### HOW TO COMPLETE THIS TASK
Retype word for word the stretch of entries below from the line that has "Optn Trade Professional Training Platform" through the line that has "Foto - Wohnung", and omit the pictures.

### DATA EXCERPTS
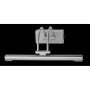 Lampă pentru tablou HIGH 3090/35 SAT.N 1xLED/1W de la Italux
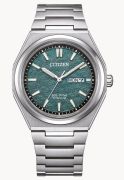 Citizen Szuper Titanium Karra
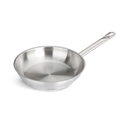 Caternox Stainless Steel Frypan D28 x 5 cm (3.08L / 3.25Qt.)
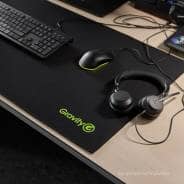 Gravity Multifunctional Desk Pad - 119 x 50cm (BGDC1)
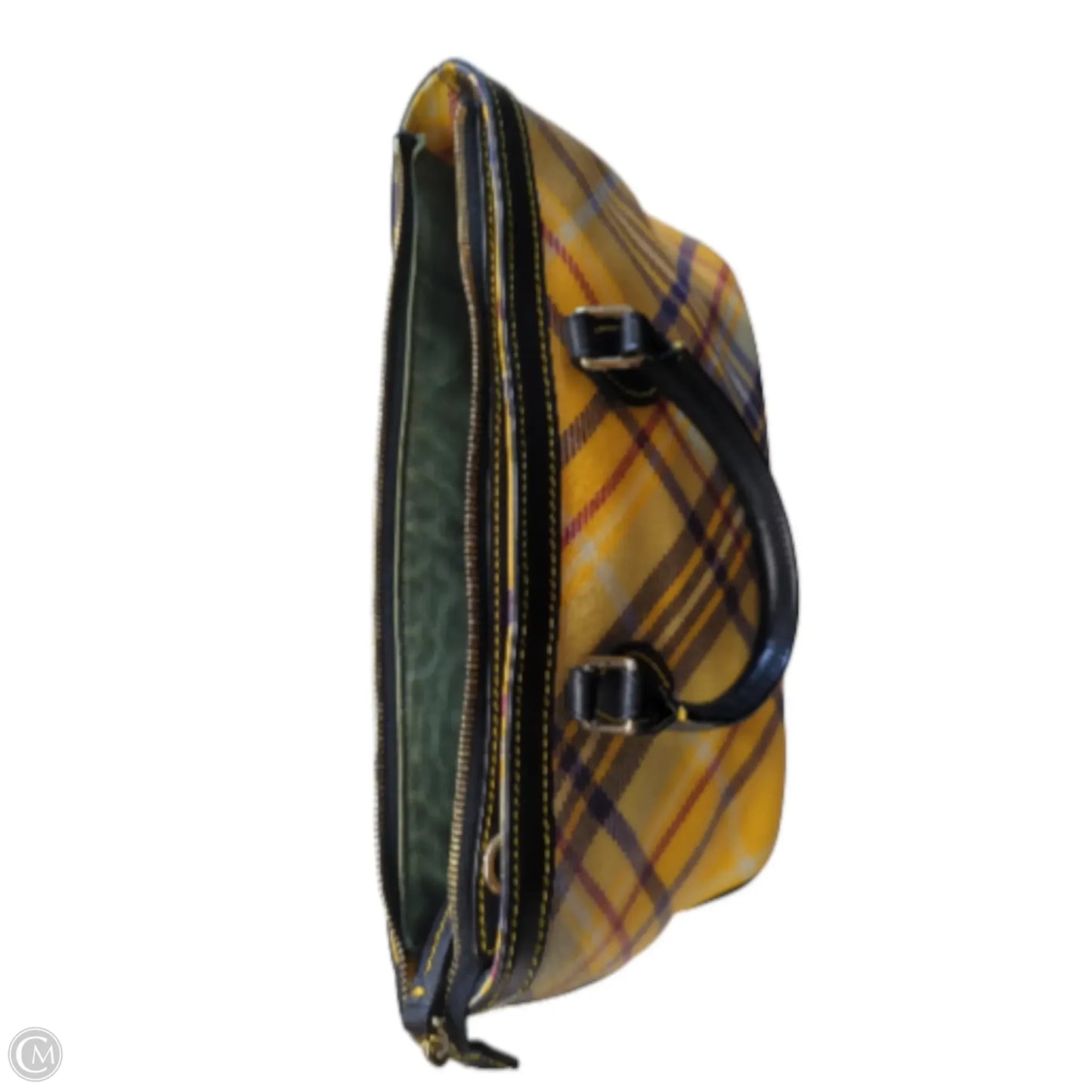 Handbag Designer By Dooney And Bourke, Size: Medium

* * *

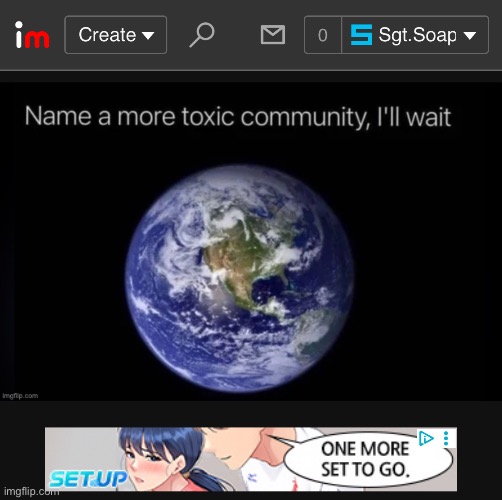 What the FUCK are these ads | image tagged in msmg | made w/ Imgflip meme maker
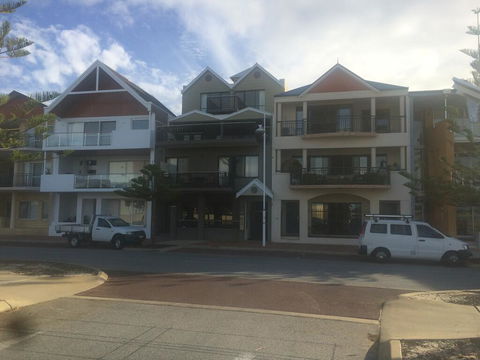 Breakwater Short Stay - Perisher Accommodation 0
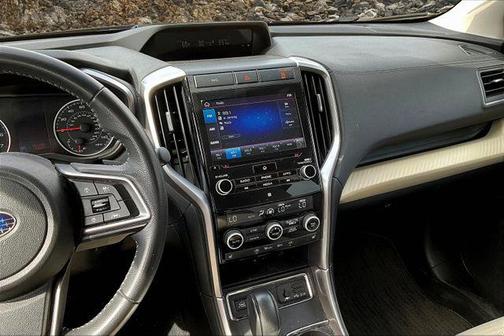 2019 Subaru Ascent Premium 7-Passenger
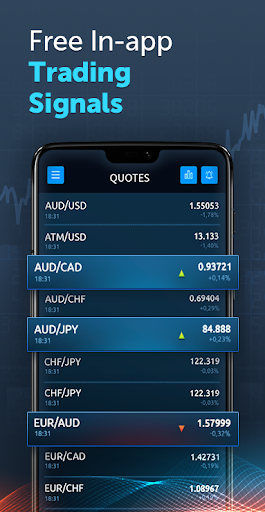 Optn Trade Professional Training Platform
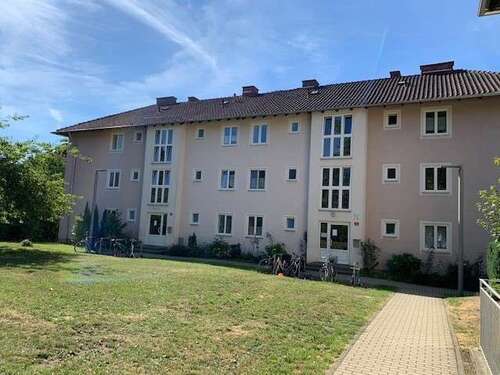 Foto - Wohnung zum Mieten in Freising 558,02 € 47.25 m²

### OUTPUT OF THE TASK
 Optn Trade Professional Training Platform
 Foto - Wohnung zum Mieten in Freising 558,02 € 47.25 m²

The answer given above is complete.